L’élection de Joe Biden, une épine dans le pied de Boris Johnson et de son Brexit ? S’il a félicité le démocrate, le Premier ministre britannique comptait sur Donald Trump, avec qui il affichait sa proximité, pour parvenir à un accord de libre-échange avantageux, en marge de ses déconvenues avec Bruxelles. Sur la même question, l’Irlande s’attend à un soutien fort de la part du « président le plus irlandais depuis John Kennedy ».
Le Royaume-Uni a toujours mis en avant sa « relation spéciale » avec les États-Unis, qui devient encore plus importante à l’ère post-Brexit. Londres veut conclure le plus rapidement possible avec Washington un accord de libre-échange.

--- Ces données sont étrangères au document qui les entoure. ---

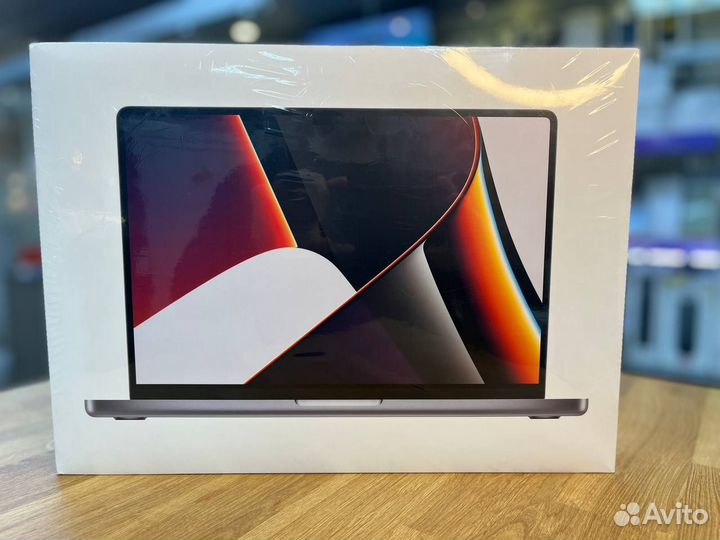 Новые Macbook / iMac в наличии. Доставка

Or la promesse de Donald Trump d’un « magnifique » accord ne s’est jamais matérialisée, et le nouveau président Biden risque d’avoir d’autres priorités.
Autre problème pour Boris Johnson : sa proximité affichée avec Donald Trump, qui l’avait affectueusement appelé « le Trump anglais ». Les deux hommes sont d’ailleurs de fervents avocats du Brexit contrairement à Joe Biden,rapporte notre correspondante à Londres, Muriel Delcroix.
Pas d’accord commercial sans respect de la paix en Irlande, selon Biden
Les récentes manœuvres du gouvernement Johnson n’ont pas arrangé les choses. Après la remise en cause du traité conclu entre Londres et l’Union européenne, notamment sur les dispositions spécifiques à l’Irlande du Nord, Joe Biden – qui rappelle avec fierté ses racines irlandaises – avait tout de suite prévenu qu’il n’y aurait pas d’accord commercial si Londres mettait en danger l’accord de paix dans la province britannique.
Au-delà des questions personnelles et du Brexit, le Royaume-Uni et les États-Unis vont néanmoins très certainement pouvoir se rapprocher sur un grand nombre de sujets comme la Chine, l’Iran, la Russie ou le changement climatique… d’autant que la Grande-Bretagne doit accueillir la conférence sur le Climat, à Glasgow, en novembre 2021.
Protéger les intérêts irlandais
L’Irlande a elle suivi avec attention le long dépouillement de l’élection présidentielle américaine, espérant la victoire de Joe Biden. Dublin veut précisément s’assurer du soutien de Washington dans le processus du Brexit.
Le président irlandais Michael D. Higgins a accueilli l’élection du démocrate avec le souhait de reconstruire la confiance transatlantique, et le Premier ministre Micheal Martin a salué son élection, déclarant que Joe Biden avait été « un véritable ami de la nation [irlandaise] tout au long de sa vie »et qu’il avait hâte de« travailler avec lui dans les années à venir ».
« On peut s’attendre de l’administration Biden – et c’est sûrement le plus important – un retour au professionnalisme de la part du secrétaire d’État, et au rôle de médiateur des États-Unis dans les conflits – en Irlande mais pas seulement », estime Ken McDonnagh, docteur en relations internationales,au micro de notre correspondante à Dublin,Emeline Vin.
« Le président américain le plus irlandais depuis JFK »
« Il y a de nombreux politiciens Irlandais-Américains à Washington, un véritable réseau diplomatique, assez puissant, analyse Liam Kennedy, directeur du Clinton Institute à Dublin. Ça agace beaucoup les Britanniques, puisqu’ils veulent un accord commercial et que les démocrates, au premier rang desquels la cheffe de la Chambre des représentants Nancy Pelosi, ont dit « non » pour l’instant. »
La future administration devrait bénéficier au soft power irlandais, estime Ken McDonnagh : « Biden est probablement le président américain le plus irlandais depuis JFK [John F. Kennedy, président de 1961 à 1963, ndlr]. Il s’identifie très fortement comme Irlandais catholique, ça fait partie de son identité politique depuis toujours. »
Le désormais président-élu a d’ailleurs promis qu’il reviendrait en Irlande dès que possible.